Learning Objectives
Master the pathophysiology and clinical presentation of Twin-Twin Transfusion Syndrome (TTTS). Understand the role of arteriovenous anastomoses and distinguish between the donor and recipient twin phenotypes for the USMLE Step 1.
1. Pathophysiology: The Vascular Shunt
TTTS occurs exclusively in monochorionic (shared placenta) twin gestations. It is driven by unbalanced vascular connections within the placenta.
| Component | Mechanism |
|---|---|
| Anastomoses | Unbalanced arteriovenous (AV) anastomoses. |
| Blood Flow | Net blood flow shifts from one twin (Donor) to the other (Recipient). |
| Placentation | Can ONLY occur in monochorionic twins (Mo-Di or Mo-Mo). |
2. The Donor Twin (“Stuck Twin”)
The donor twin loses blood volume to its sibling, leading to significant growth restriction and fluid issues.

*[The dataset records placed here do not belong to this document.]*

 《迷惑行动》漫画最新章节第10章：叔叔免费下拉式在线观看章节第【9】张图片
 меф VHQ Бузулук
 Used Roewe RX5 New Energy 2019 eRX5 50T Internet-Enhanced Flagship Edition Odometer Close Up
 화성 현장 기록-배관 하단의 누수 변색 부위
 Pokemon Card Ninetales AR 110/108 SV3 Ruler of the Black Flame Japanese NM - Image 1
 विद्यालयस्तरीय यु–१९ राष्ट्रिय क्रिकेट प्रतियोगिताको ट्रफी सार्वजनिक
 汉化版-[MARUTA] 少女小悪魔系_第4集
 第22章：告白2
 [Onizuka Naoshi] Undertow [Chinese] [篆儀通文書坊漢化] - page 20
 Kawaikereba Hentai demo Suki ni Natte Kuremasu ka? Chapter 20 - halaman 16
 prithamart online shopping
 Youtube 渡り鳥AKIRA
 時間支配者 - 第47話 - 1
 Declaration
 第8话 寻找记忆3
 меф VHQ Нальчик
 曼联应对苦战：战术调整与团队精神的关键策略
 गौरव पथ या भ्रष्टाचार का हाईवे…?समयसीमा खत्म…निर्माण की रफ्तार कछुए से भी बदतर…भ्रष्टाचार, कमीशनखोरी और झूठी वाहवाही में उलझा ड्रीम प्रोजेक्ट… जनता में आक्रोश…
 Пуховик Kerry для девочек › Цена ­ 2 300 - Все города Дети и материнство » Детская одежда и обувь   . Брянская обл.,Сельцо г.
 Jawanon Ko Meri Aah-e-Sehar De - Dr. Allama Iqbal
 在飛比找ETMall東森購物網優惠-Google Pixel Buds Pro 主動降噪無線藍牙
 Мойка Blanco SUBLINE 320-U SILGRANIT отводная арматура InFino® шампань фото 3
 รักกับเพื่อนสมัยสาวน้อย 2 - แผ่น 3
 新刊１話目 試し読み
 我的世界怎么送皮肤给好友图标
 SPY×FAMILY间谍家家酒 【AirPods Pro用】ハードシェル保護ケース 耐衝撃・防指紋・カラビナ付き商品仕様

| Clinical Feature | Pathophysiology |
|---|---|
| Hypovolemia | Decreased blood volume and anemia. |
| Oligohydramnios | Low urine output due to poor renal perfusion. |
| Appearance | “Stuck twin” (looks shrink-wrapped against the uterine wall). |
3. The Recipient Twin
The recipient twin receives an excess of blood, which places a massive strain on its cardiovascular system.
| Clinical Feature | Pathophysiology |
|---|---|
| Hypervolemia | Excess blood volume and polycythemia. |
| Polyhydramnios | Excessive fetal urination due to high volume. |
| Heart Failure | Volume overload can lead to hydrops fetalis. |
Activity
High-Yield Clinical Pearls:
- The Vascular Culprit: If a question asks for the underlying cause, the answer is AV anastomoses.
- Hydrops Risk: The Recipient is actually at a higher risk for heart failure and hydrops fetalis due to the extreme volume overload.
- Diagnosis: Look for a significant size discrepancy and fluid imbalance (Oligo-Poly sequence) on ultrasound in a monochorionic pregnancy.